• WHAT THE TASK REQUIRES
Only the lines below from the one that contains "LED Ceramic House - Red" through the one that contains "Фотография товара 'Эра" should appear in your answer, exact and without pictures.

• GIVEN RECORDS
++++++++
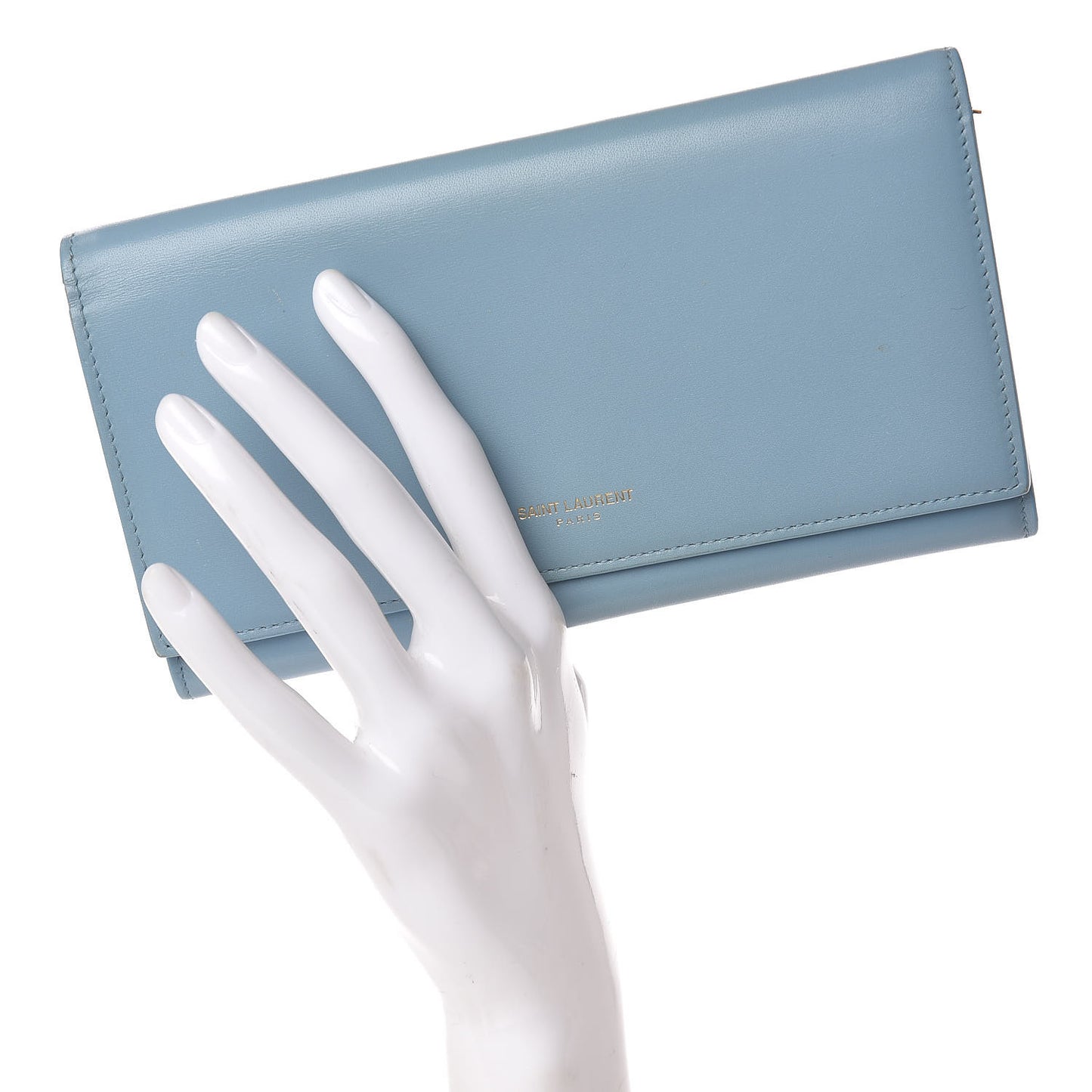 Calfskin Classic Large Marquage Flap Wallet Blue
++++++++
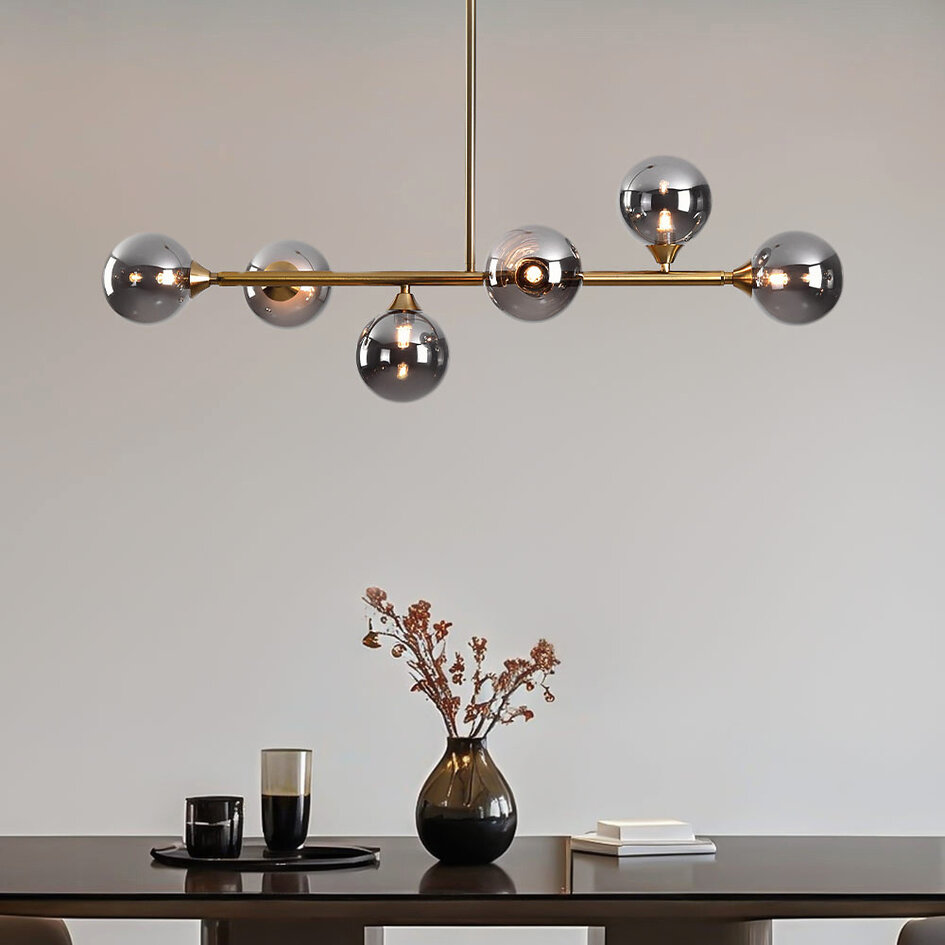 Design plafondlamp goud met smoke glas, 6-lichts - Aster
++++++++
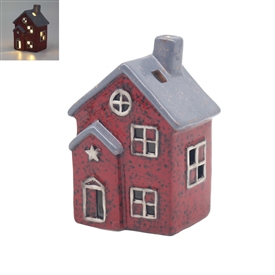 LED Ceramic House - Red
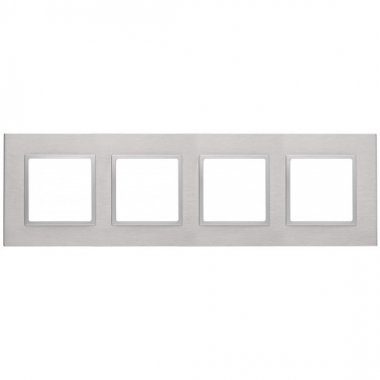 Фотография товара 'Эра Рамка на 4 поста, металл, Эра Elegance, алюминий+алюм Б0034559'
++++++++
• PROBLEM SOLUTION
 LED Ceramic House - Red
 Фотография товара 'Эра Рамка на 4 поста, металл, Эра Elegance, алюминий+алюм Б0034559'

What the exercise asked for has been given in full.